(事実)
1 事件発生の年月日時刻及び場所
平成14年2月6日23時30分
沖縄県泡瀬漁港南東方沖合
2 船舶の要目
船種船名 |
漁船ふさ丸 |
総トン数 |
4.5トン |
登録長 |
10.60メートル |
機関の種類 |
ディーゼル機関 |
出力 |
220キロワット |
3 事実の経過
ふさ丸は、平成5年10月に進水した沖縄県中城湾内での潜水器漁業に従事するFRP製漁船で、主機としてヤンマーディーゼル株式会社が製造した6CA-ET型と称するディーゼル機関を備え、操舵室から主機及び逆転減速機の運転操作が行えるようになっており、主機の冷却は間接冷却方式であった。
冷却海水系統は、船底弁から主機駆動の冷却海水ポンプで吸引加圧された海水が、主機潤滑油冷却器、逆転減速機潤滑油冷却器、空気冷却器、清水冷却器の順に熱交換を行ったのち、過給機下流の主機排気管に導かれ、主機の排気ガスとともに船外に排出されるようになっていた。
冷却海水系統の配管は、主機潤滑油冷却器と逆転減速機潤滑油冷却器との間が内径45ミリメートル(以下「ミリ」という。

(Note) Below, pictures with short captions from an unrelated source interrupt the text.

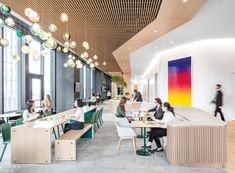 people are sitting at tables in an office setting with large windows and colorful artwork on the wall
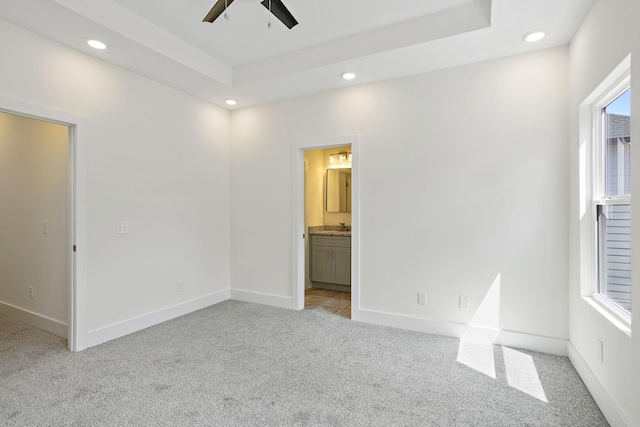 2140 18th Ave N, Nashville, TN 37208 - unfurnished bedroom featuring light colored carpet, recessed lighting, a raised ceiling, ensuite bathroom, and a ceiling fan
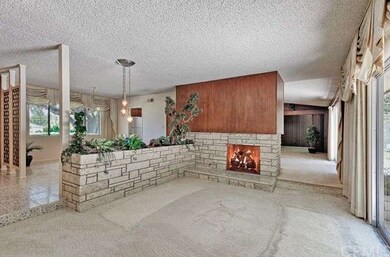Step-down formal living room with stone fireplace.
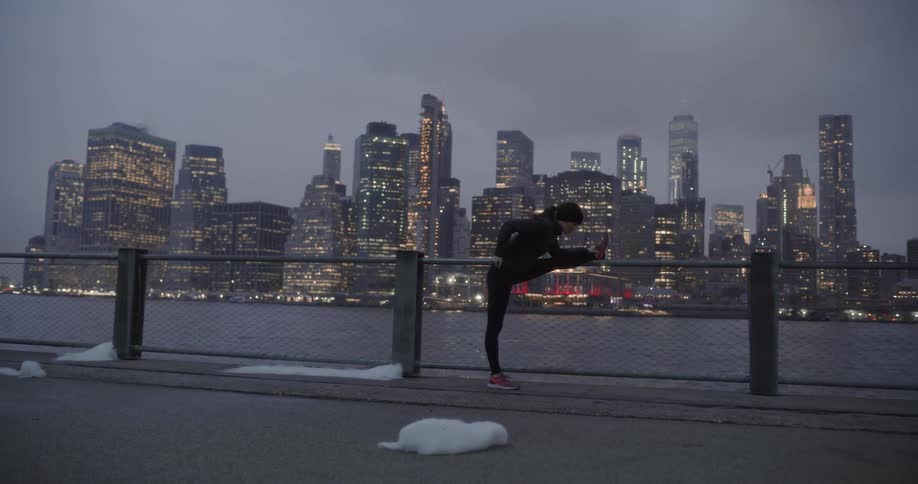 Woman stretching on fence in front of city skyline at night
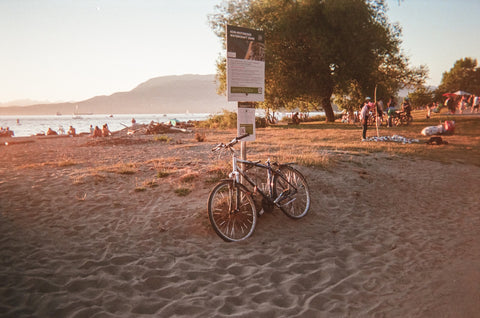 A bike rests against a sign with a beach in the background at sunset.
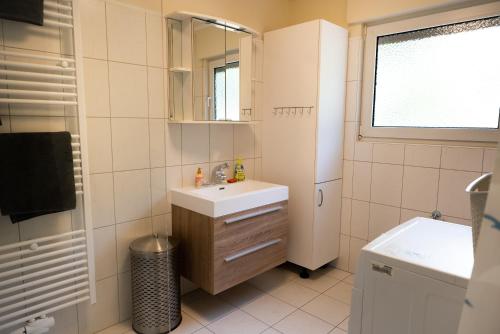 Un baño blanco con lavabo y espejo. en Ferienwohnung zum Märchenwald, en Bergfreiheit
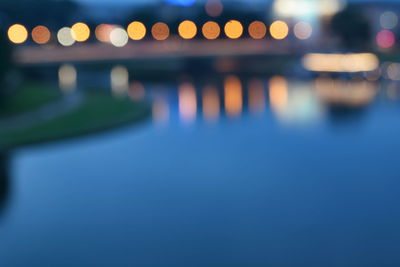 Defocused image of illuminated city at night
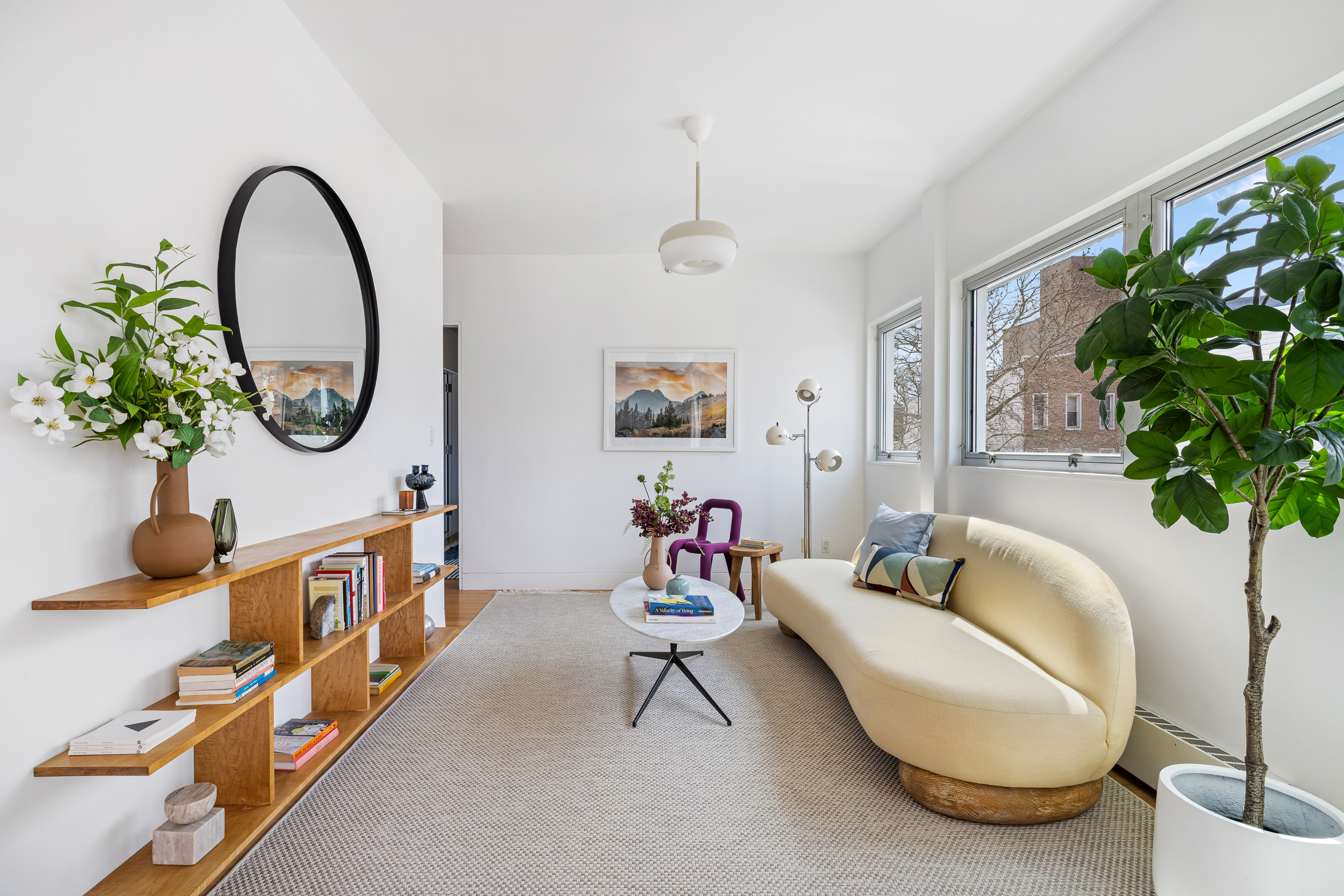 361 Manhattan Avenue, Unit 3AB Brooklyn, NY 11211 - Photo 6 of 21 a living room with furniture flowerpot and a potted plant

)、外径55ミリ、長さ300ミリのゴムホースで連結され、金属製配管との嵌合(かんごう)部がステンレス製金具で締付けられるようになっていた。
A受審人は、機関の運転及び保守管理にあたり、発航前点検として、潤滑油量、ビルジ量、蓄電池の電解液量、冷却海水ポンプ駆動用Vベルトの張り具合などの点検を行ったのち主機を始動し、出港した直後に冷却海水の排出状況を確認するようにしていた。
ところで、ふさ丸は、A受審人が平成13年8月友人から主機潤滑油冷却器と逆転減速機潤滑油冷却器とを連結するゴムホースに亀裂が生じた事例を聞いて同ホースの点検を行おうと思っていたものの、同ホースの点検を十分に行うことなく、月15ないし20日の操業を続けていたことから、いつしかゴムホースの経年劣化が進行し、同ホースに亀裂などが生ずるおそれのある状況となっていた。

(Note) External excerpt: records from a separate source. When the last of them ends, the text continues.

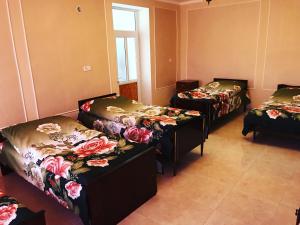 pokój z 3 łóżkami z kwiatami w obiekcie Hayq Guest House w mieście Goris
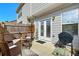 Cozy patio with woven furniture perfect for outdoor entertaining at 1427 Lanier Vista Dr, Sugar Hill, GA 30518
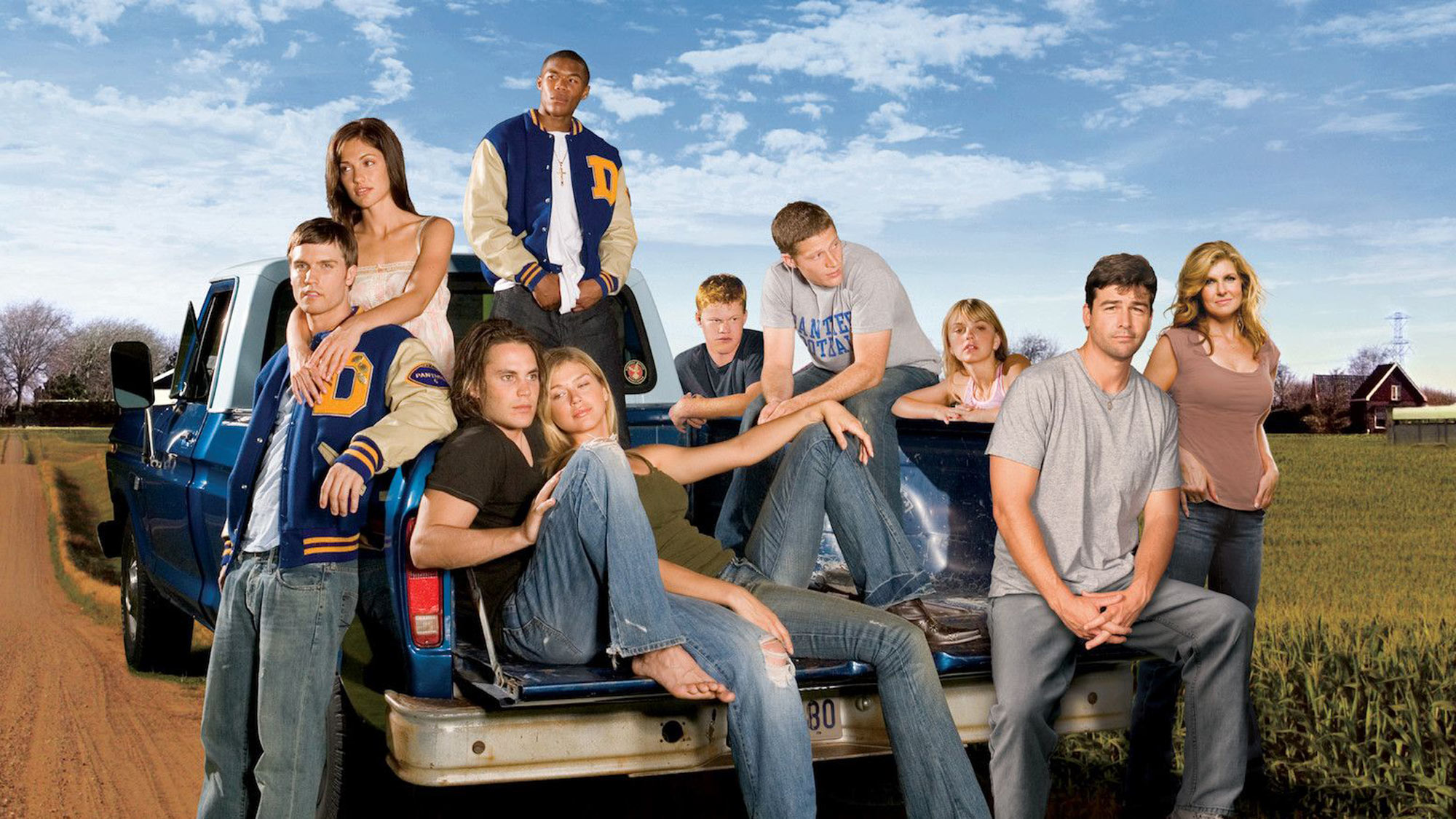 Le casting de Friday Night Lights debout dans et autour d'une camionnette sur une route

こうして、ふさ丸は、A受審人ほか1人が乗り組み、操業の目的で同14年2月6日17時00分泡瀬漁港を発し、所要時間が15ないし20分の中城湾内の漁場に向かった。
ふさ丸は、同日23時20分操業を終え、帰港の途に就いて航行中、前示ゴムホースの経年劣化が進行したことから、ほぼ水平に配管された同ホースの上方面、中央部に長さ150ミリ、幅5ミリの亀裂が長手方向に異音を発して生じ、噴出した多量の海水が機関室に流入する状況となった。

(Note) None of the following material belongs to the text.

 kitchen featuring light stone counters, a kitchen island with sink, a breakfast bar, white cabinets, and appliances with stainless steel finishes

A受審人は、同時27分竹竿が床に落ちたような前示異音に気付き、主機を停止回転として甲板上を点検したものの、異状が認められなかったので主機を再び前進とした。
そののち、ふさ丸は、噴出する海水の飛沫を浴びた主機回転計の電磁継電器がぬれ損し、同時28分回転数表示がゼロになるとともに、充電が正常に行われていないことを示す赤色警告灯が点灯し、さらに、清水冷却器の海水量が不足して主機冷却清水温度が高温となって警報を発し、警告灯が点灯したことから、主機を停止したA受審人が操舵室内の機関室点検口を開けて覗いたところ、23時30金武中城港中城新港西防波堤東灯台から真方位183度960メートルの地点において、主機クランク軸の高さ付近まで浸水しているのを発見した。
当時、天候は晴で風力1の北東風が吹き、海上は穏やかであった。
A受審人は、主機を再始動したものの、主機のフライホイールが海水を巻き上げる状況となったことから主機の運転を断念し、ビルジポンプ及び雑用海水ポンプで排水に努めるとともに、海の緊急電話に救助を求めた。
その結果、ふさ丸は、来援した巡視艇に曳航されて泡瀬漁港に引き付けられ、のち破損したゴムホース、ぬれ損した電磁継電器などが取り替えられた。
(原因)
本件浸水は、機関の運転及び保守管理にあたる際、冷却海水系統のゴムホースの点検が不十分で、同ホースに経年劣化による亀裂が生じ、多量の海水が機関室に流入したことによって発生したものである。
(受審人の所為)
A受審人は、機関の運転及び保守管理にあたる場合、友人から主機潤滑油冷却器と逆転減速機潤滑油冷却器とを連結するゴムホースに亀裂が生じた事例を聞いて同ホースの点検を行おうと思っていたのであるから、同ホースの点検を十分に行うべき注意義務があった。しかしながら、同人は、同ホースの点検を十分に行わなかった職務上の過失により、同ホースに経年劣化による亀裂が生じ、噴出した多量の海水が機関室に流入する事態を招き、主機電気系統の電磁継電器などをぬれ損させるに至った。